17 October 2007

Sebagian Tetap sama Beberapa Telah Berubah.

Lebaran dikampung kali ini menyisakan banyak perenungan dalam buatku. Entah apakah nantinya perenungan ini mampu membuat perubahan pada hidupku ataukah semakin memaku ego kedalam karakter, atau hanya sebagai sebagian kisah hidup yang mampir saja. tanpa kesan tanpa makna yang akan lalu berlalu begitu saja. Aku seeh, berharap semoga jeda yang sebentar ini mampu menjadi bekal untuk melakukan perjalanan panjang lagi. Perjalanan mendefinisikan hidup yang jauh dari rumah.

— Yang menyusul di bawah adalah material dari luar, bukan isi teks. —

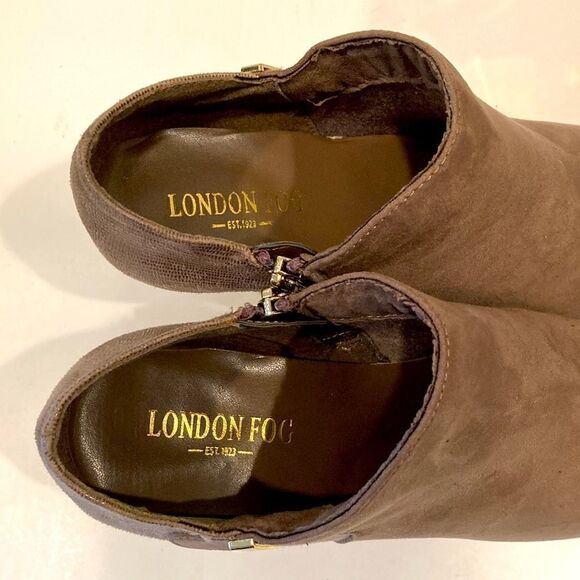 London Fog Tan Ankle Booties Size 8.5 - Picture 6 of 8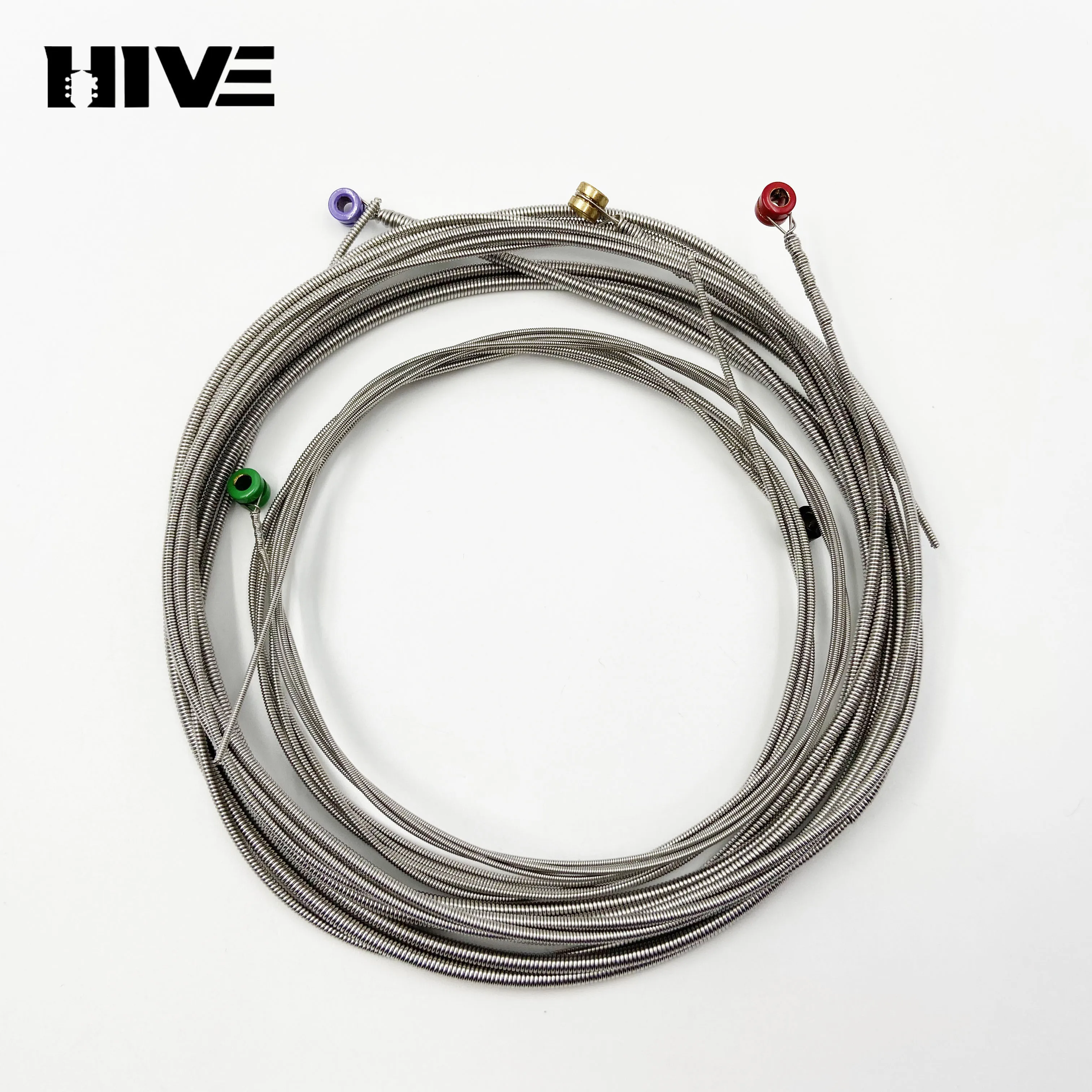 High-end Electric Bass Strings High-Tension 5/6-string Color Head Hexagonal Steel Core String Color Head Electric Bass Strings
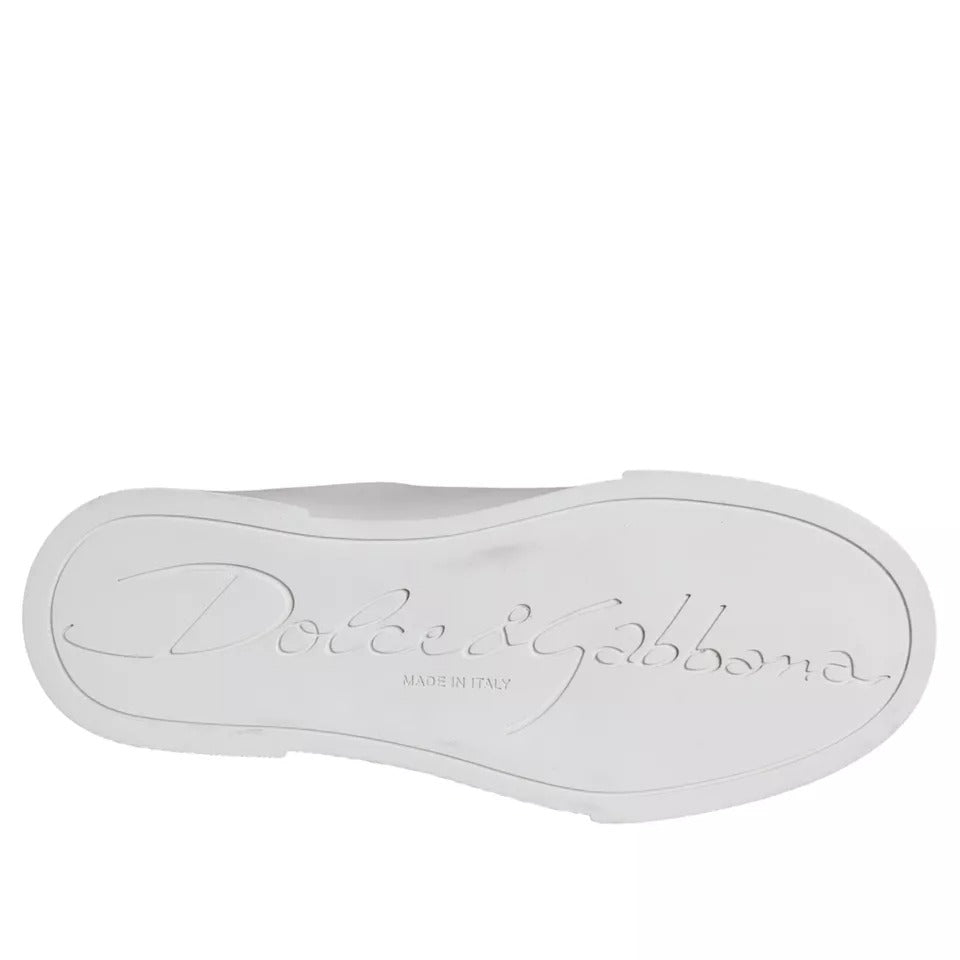 Zapatillas de deporte Dolce &amp; Gabbana de piel de becerro napa Portofino con parche blanco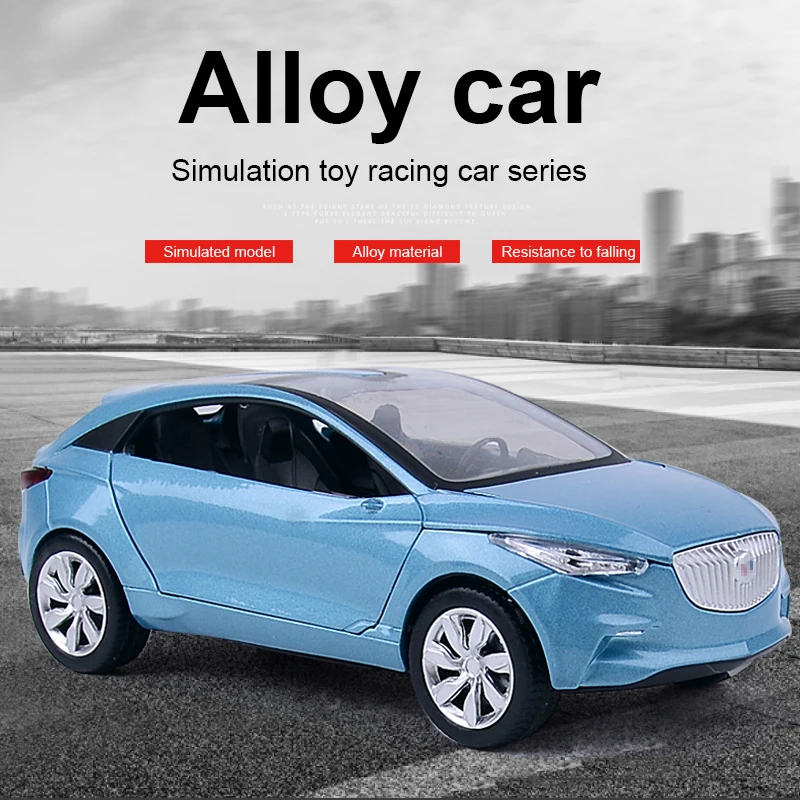 

Zhorya Concept Car High Simulation Mini Metal Car Model Pull Back Diecast Toys Door-open with Light Music For Children Gifts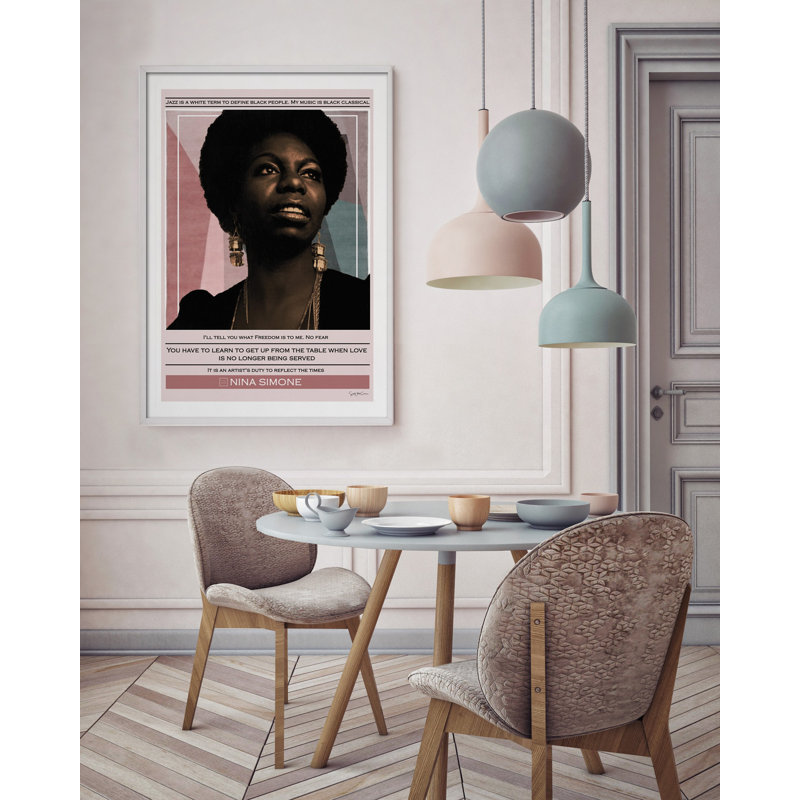Nina Simone 1 Piece Single Picture Frame Wall Art, 92cm H x 62cm W x 3cm D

Kemaren, saat menginjakkan kaki di kota kelahiran, sukabumi, saya sudah lumayan terkejut dengan beberapa ruang kota yang aku lewati tampak berbeda. Keterkejutan bertambah ketika aku kembali kerumah dan banyak bertemu dengan teman dan handai taulan. Keterkejutan tak lebih karena menemukan berbagai hal yang dulu akrab kini hadir berbeda, terbentur dengan harapan yang menginginkan semua tetap sama. Ga pernah berubah.

Ah, Saya sering tak siap jika berhadap-hadapan dengan yang dulu akrab, lalu kini tlah berubah. Sudah Berbeda tak sama lagi. Saya ini konservatip mungkin. Pro status Quo, berharap romantisme masa lalu bisa kurasakan lagi. Sering berpikir (dan berharap) akan ketemu dengan kawan lama dengan keakraban yang terbangun di masa kecil dahulu. Bertemu dengan teman lama dengan guyon, cela, seius, canda pada masa lalu. Ingin ketemu dengan sahabat lama dengan pengertian, solider yang dahulu pernah ada.

Memang, pohon rambutan di kebun orang, tempat bermain, merayakan kreativitas, (dan mengambil rambutannya) sekarang pun masih ada dan tampak kelihatan sama. Sungai tempat berenang, bermain dan melepas lelah setelah main bola di tengah guyuran hujan masih ada. Pos ronda tempat nongkrong, gitar-gitaran, cangkruk’an, leyeh-leyeh, main krambol, remi atau gapleh dan masak nasi liwet dimalam hari, toh masih berdiri.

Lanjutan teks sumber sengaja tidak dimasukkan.